About this task -
Set down the material again. Keep every line exactly as it is.

[Provided records Boundary: Start]

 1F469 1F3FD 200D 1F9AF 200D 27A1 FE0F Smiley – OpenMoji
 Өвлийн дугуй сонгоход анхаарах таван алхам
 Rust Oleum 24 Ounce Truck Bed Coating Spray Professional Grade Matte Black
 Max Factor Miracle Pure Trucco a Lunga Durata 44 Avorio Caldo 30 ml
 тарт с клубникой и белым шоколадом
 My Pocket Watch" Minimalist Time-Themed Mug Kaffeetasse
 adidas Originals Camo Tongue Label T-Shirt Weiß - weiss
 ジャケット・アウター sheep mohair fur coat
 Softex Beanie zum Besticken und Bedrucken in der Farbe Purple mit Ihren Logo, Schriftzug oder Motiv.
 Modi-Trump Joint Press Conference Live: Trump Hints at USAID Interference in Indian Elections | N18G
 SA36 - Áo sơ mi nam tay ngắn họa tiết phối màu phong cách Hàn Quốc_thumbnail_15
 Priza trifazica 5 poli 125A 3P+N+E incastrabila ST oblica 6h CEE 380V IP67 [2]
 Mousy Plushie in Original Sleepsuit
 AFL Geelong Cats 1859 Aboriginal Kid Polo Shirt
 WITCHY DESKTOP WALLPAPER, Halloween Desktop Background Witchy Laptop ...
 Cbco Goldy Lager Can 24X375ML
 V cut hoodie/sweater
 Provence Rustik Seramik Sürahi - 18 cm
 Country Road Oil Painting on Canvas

[Provided records Boundary: End]

Exercise answer -
 1F469 1F3FD 200D 1F9AF 200D 27A1 FE0F Smiley – OpenMoji
 Өвлийн дугуй сонгоход анхаарах таван алхам
 Rust Oleum 24 Ounce Truck Bed Coating Spray Professional Grade Matte Black
 Max Factor Miracle Pure Trucco a Lunga Durata 44 Avorio Caldo 30 ml
 тарт с клубникой и белым шоколадом
 My Pocket Watch" Minimalist Time-Themed Mug Kaffeetasse
 adidas Originals Camo Tongue Label T-Shirt Weiß - weiss
 ジャケット・アウター sheep mohair fur coat
 Softex Beanie zum Besticken und Bedrucken in der Farbe Purple mit Ihren Logo, Schriftzug oder Motiv.
 Modi-Trump Joint Press Conference Live: Trump Hints at USAID Interference in Indian Elections | N18G
 SA36 - Áo sơ mi nam tay ngắn họa tiết phối màu phong cách Hàn Quốc_thumbnail_15
 Priza trifazica 5 poli 125A 3P+N+E incastrabila ST oblica 6h CEE 380V IP67 [2]
 Mousy Plushie in Original Sleepsuit
 AFL Geelong Cats 1859 Aboriginal Kid Polo Shirt
 WITCHY DESKTOP WALLPAPER, Halloween Desktop Background Witchy Laptop ...
 Cbco Goldy Lager Can 24X375ML
 V cut hoodie/sweater
 Provence Rustik Seramik Sürahi - 18 cm
 Country Road Oil Painting on Canvas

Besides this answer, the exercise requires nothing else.